| Task to carry out |
Would you return the lines from the one that contains "Picture of Ugreen" to the last line of the entries below, exactly and with nothing added?

(Collection entries)
• • •

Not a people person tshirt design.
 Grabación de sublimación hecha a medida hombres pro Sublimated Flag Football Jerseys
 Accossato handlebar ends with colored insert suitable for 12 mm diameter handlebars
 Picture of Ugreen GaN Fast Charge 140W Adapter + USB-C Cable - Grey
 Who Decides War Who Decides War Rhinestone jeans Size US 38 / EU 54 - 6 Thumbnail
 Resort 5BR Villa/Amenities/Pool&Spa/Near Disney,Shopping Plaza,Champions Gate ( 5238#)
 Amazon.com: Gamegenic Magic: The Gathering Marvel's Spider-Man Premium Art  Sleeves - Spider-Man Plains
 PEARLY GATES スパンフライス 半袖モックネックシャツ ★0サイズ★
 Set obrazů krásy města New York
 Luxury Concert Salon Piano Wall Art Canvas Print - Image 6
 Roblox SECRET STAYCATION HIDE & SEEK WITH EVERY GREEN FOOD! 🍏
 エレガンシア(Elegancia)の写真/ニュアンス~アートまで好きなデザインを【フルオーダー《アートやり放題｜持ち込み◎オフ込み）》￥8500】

• • •

| Solution to this exercise |
 Picture of Ugreen GaN Fast Charge 140W Adapter + USB-C Cable - Grey
 Who Decides War Who Decides War Rhinestone jeans Size US 38 / EU 54 - 6 Thumbnail
 Resort 5BR Villa/Amenities/Pool&Spa/Near Disney,Shopping Plaza,Champions Gate ( 5238#)
 Amazon.com: Gamegenic Magic: The Gathering Marvel's Spider-Man Premium Art  Sleeves - Spider-Man Plains
 PEARLY GATES スパンフライス 半袖モックネックシャツ ★0サイズ★
 Set obrazů krásy města New York
 Luxury Concert Salon Piano Wall Art Canvas Print - Image 6
 Roblox SECRET STAYCATION HIDE & SEEK WITH EVERY GREEN FOOD! 🍏
 エレガンシア(Elegancia)の写真/ニュアンス~アートまで好きなデザインを【フルオーダー《アートやり放題｜持ち込み◎オフ込み）》￥8500】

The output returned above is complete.